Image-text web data
━━━━━━━━━━━━━━━━━━━━
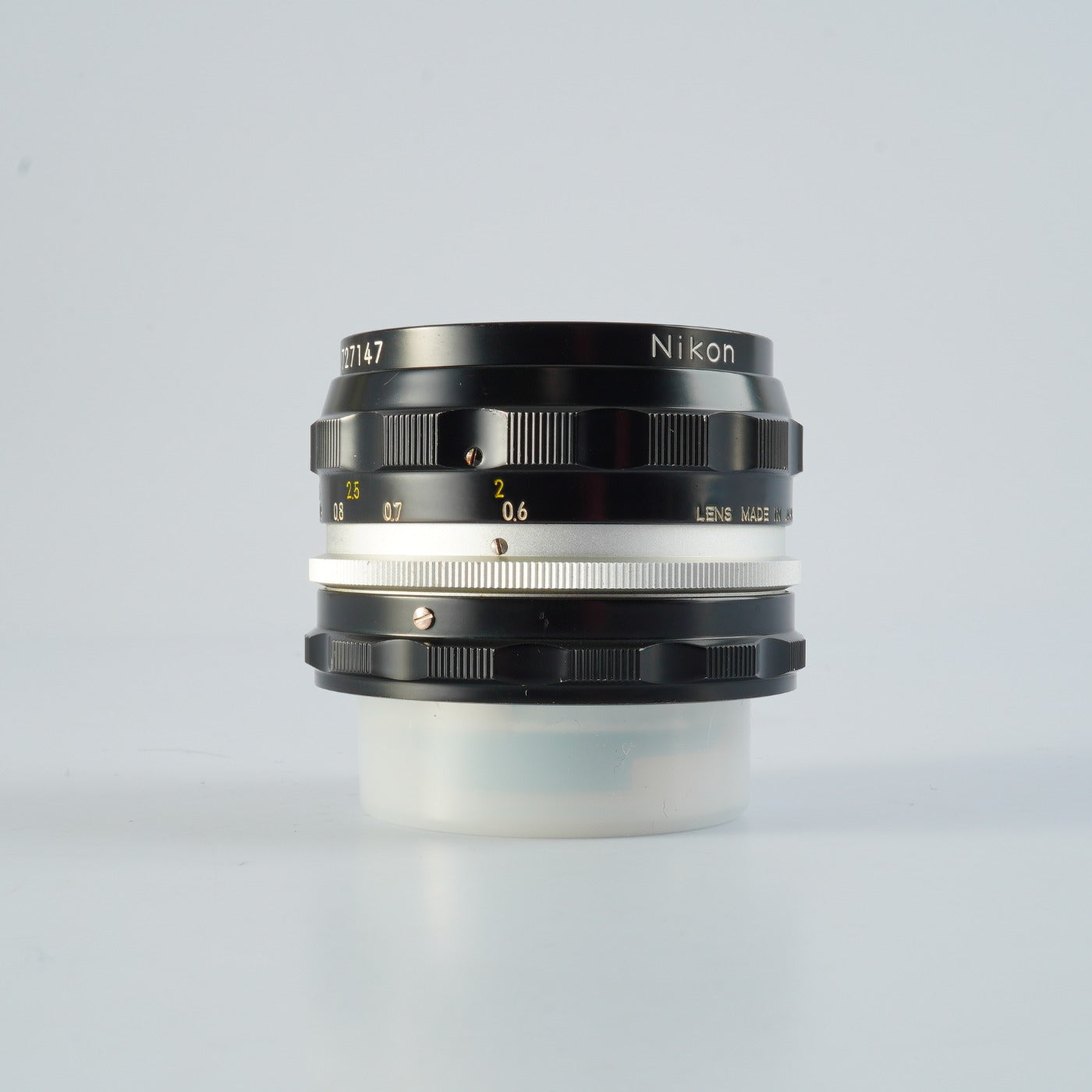 Nikon non-Ai NIKKOR-H Auto 28mm F/3.5 prime lens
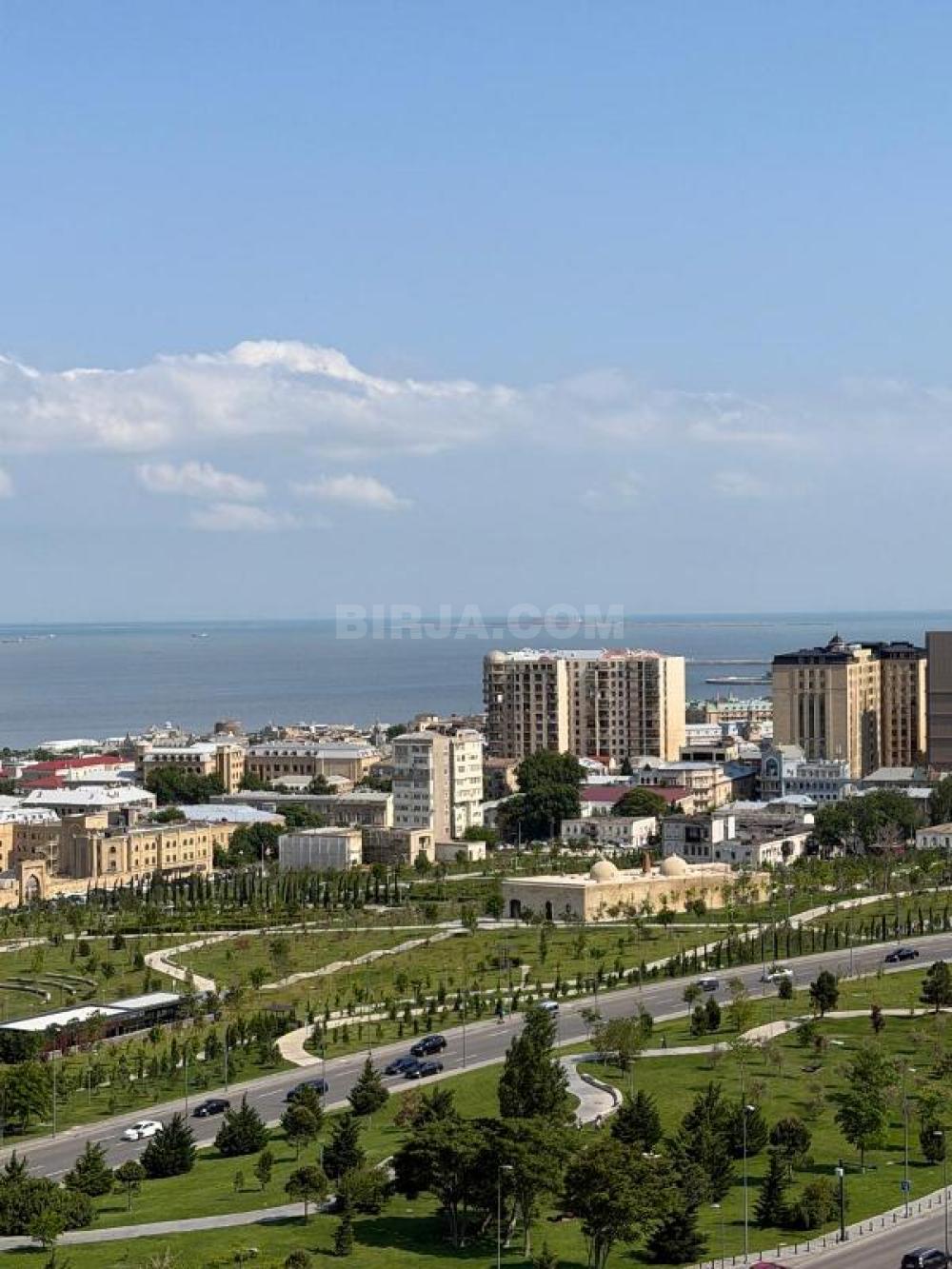Mərkəzi parkın yanında 3 otaqlı mənzil satılır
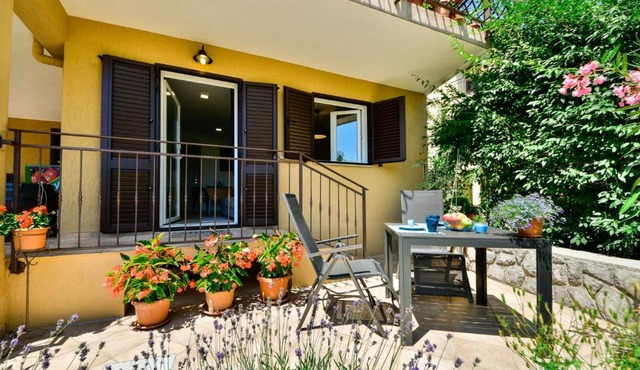Apartment Beni-2 by Interhome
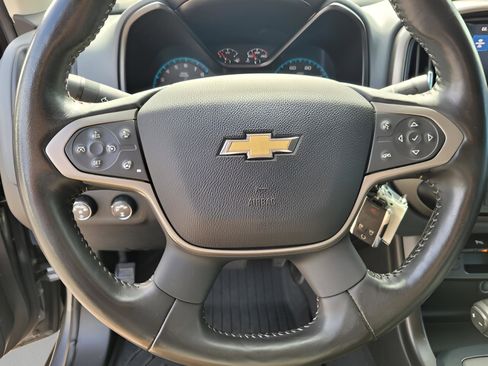 Used 2021 Chevrolet Colorado Z71 w/ Safety Package image 11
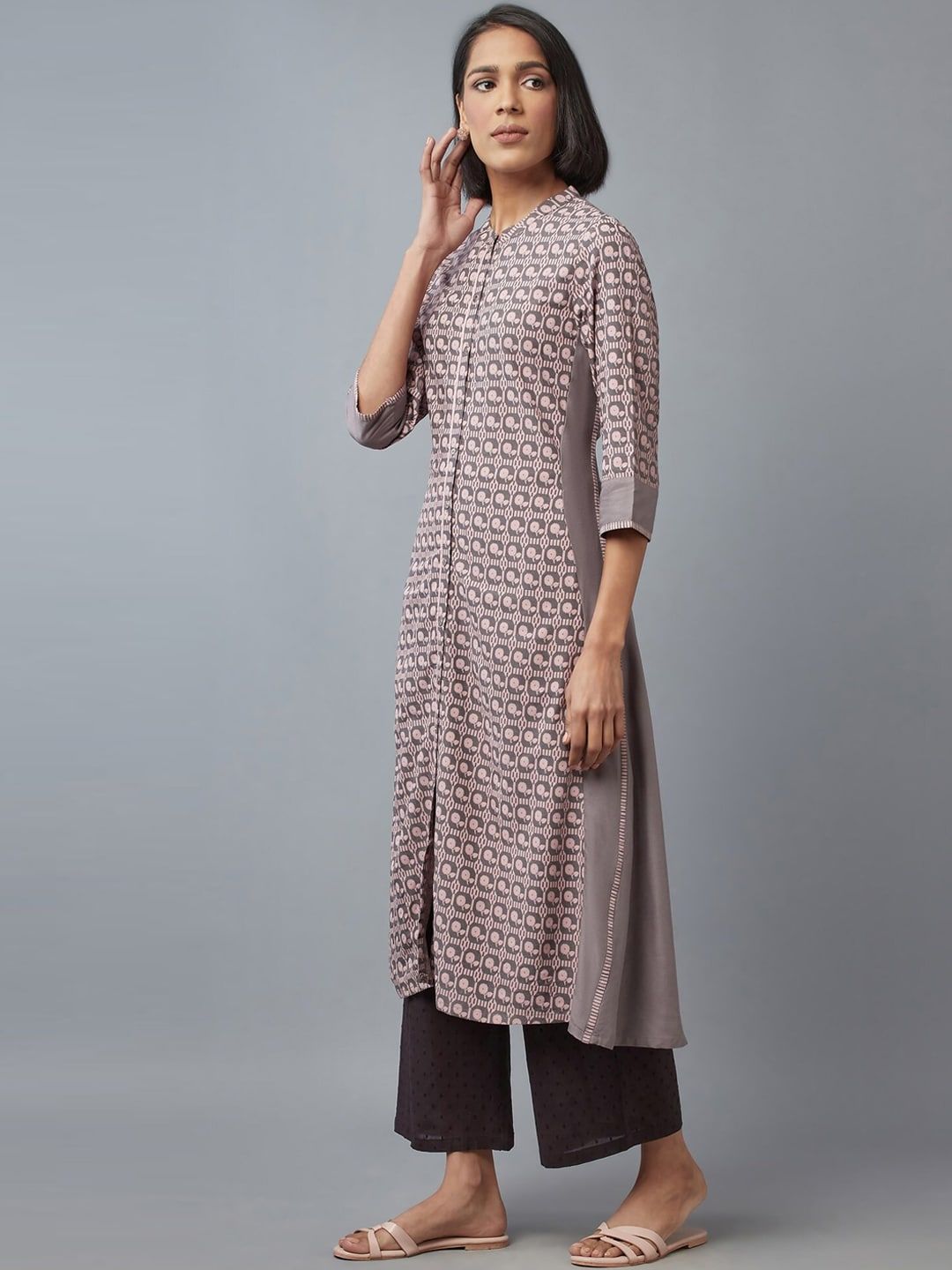 W Women Pink & Black Ethnic Motifs Printed Kurta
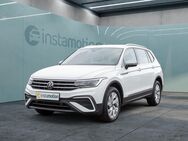 VW Tiguan, 1.5 TSI Allspace LIFE, Jahr 2022 - München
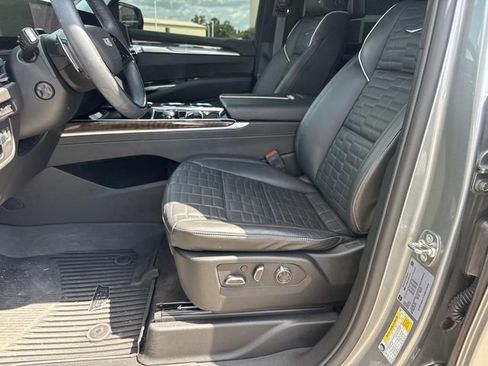 Used 2025 Cadillac Escalade Sport Platinum w/ LPO, ONYX Package AWD/4WD image 21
━━━━━━━━━━━━━━━━━━━━
*TASK GOAL*
I would like you to retype exactly the lines running from the one containing "Used 2021 Chevrolet" to the last line of the entries, both included, leaving all pictures out.

*YOUR RESPONSE*
 Used 2021 Chevrolet Colorado Z71 w/ Safety Package image 11
 W Women Pink & Black Ethnic Motifs Printed Kurta
 VW Tiguan, 1.5 TSI Allspace LIFE, Jahr 2022 - München
 Used 2025 Cadillac Escalade Sport Platinum w/ LPO, ONYX Package AWD/4WD image 21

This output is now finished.